Luxury real estate, political donations, investments, and magazine covers. A year ago, that was the life of Sam Bankman-Fried, Assistant U.S. Attorney

Luxury real estate, political donations, investments, and magazine covers. A year ago, that was the life of Sam Bankman-Fried, Assistant U.S. Attorney Thane Rehn remarked during the opening statements of the world’s most famous crypto trial.

“All of it was built on lies,” Rehn continued, claiming that the co-founder of Alameda Research and FTX “lied to the world” to get richer and increase influence by lobbying in Washington, D.C. Rehn’s statement apparently affected even Bankman-Fried’s defense counsel, who responded with a lukewarm remark.

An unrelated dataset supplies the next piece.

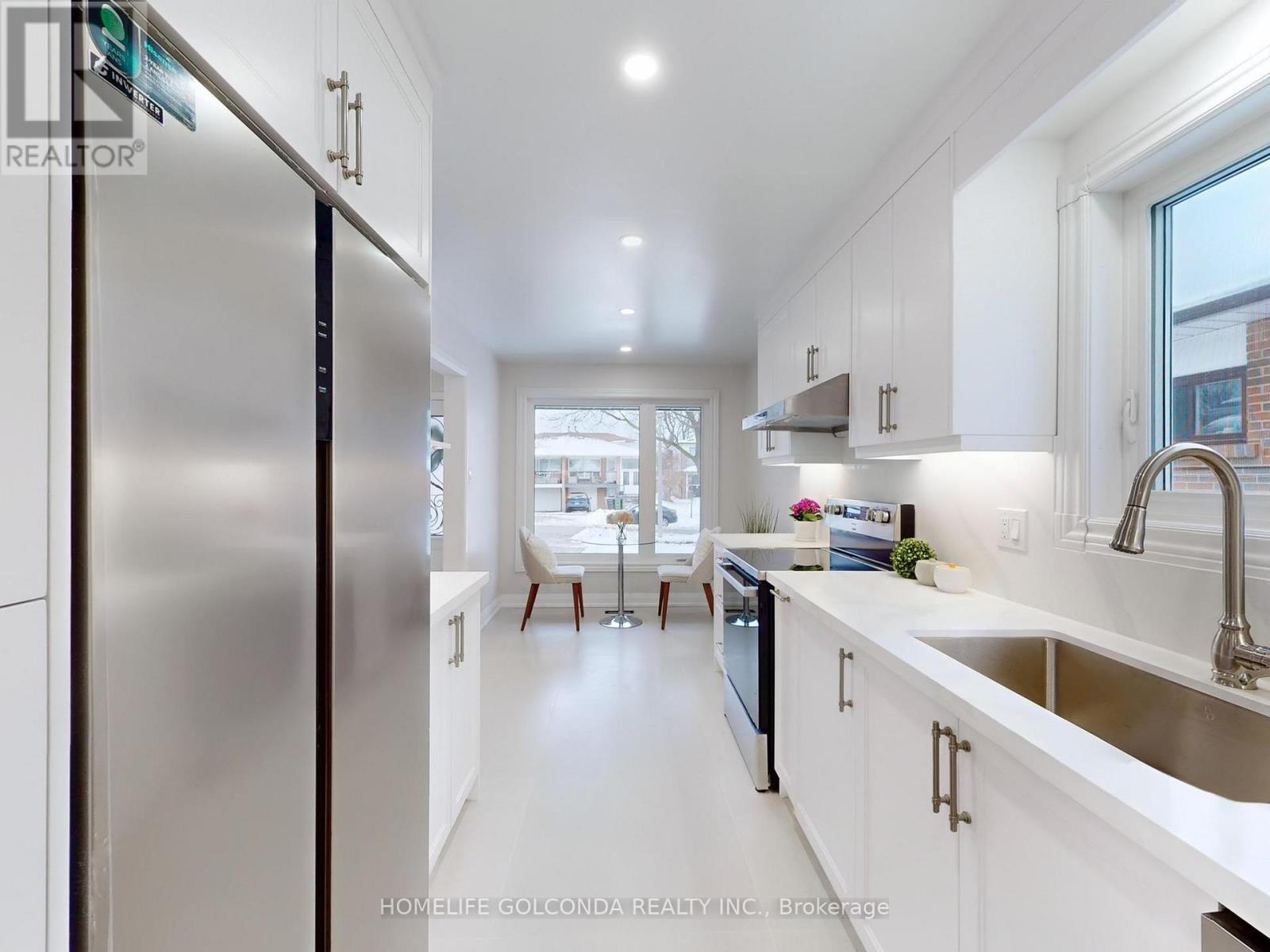 14 Brigadoon Crescent, Toronto, Ontario  M1T 3C1 - Photo 13 - E12640854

His attorney, Mark Cohen, portrayed his client as an entrepreneur who made mistakes during times of accelerated growth. “There was no theft,” he told jurors.

At the gallery, among journalists and attorneys, were Joseph Bankman and Barbara Fried, parents of the defendant. While Joseph occasionally smiled over the last few days, Barbara stared at her son in courtroom for hours.

This week, four witnesses testified in the trial at the United States District Court in Manhattan. The list includes a French trader, an investor in FTX, alongside Adam Yedidia and Gary Wang, former close friends of Bankman-Fried.

Sam Bankman-Fried trial highlights were covered by Cointelegraph on the ground.

Marc Julliard

The prosecutor’s first witness to the jury was a cocoa trader from Paris, currently living in London. Marc Julliard was one of the victims of the FTX debacle in November 2022. Juilliard told jurors he had four Bitcoins on FTX, worth nearly $100,000 at the time. He recalled feeling anxious after trying to withdraw funds without receiving a return.

On FTX, he never traded futures. The Bitcoin stake was a substantial part of Julliard’s savings. Prosecutors used his testimony to illustrate how customers who trusted funds with FTX had been harmed since last year’s events.

Bankman-Fried’s defense tried to downplay prosecutors’ arguments, saying that the trader was a licensed professional in London who did not make decisions based on celebrity endorsements. Cohen noted that there was nothing wrong with hiring Tom Brady to run an ad for FTX.

Scenes from outside Sam Bankman-Fried’s trial location in New York. Source: Ana Paula Pereira/Cointelegraph

Adam Yedidia

Adam Yedidia and Bankman-Fried became friends at the Massachusetts Institute of Technology (MIT). Before joining FTX as a developer in January 2021, Yedidia briefly worked at Alameda in 2017 as an intern. He was also one of the residents in FTX’s $35 million luxury property in the Bahamas. 

According to his testimony, fiat funds from customers were received by FTX through an Alameda subsidiary called North Dimension. Every deposit made by a FTX customer was considered a debt owed from Alameda to FTX. At the time of the exchange’s collapse, this liability stood at $8 billion.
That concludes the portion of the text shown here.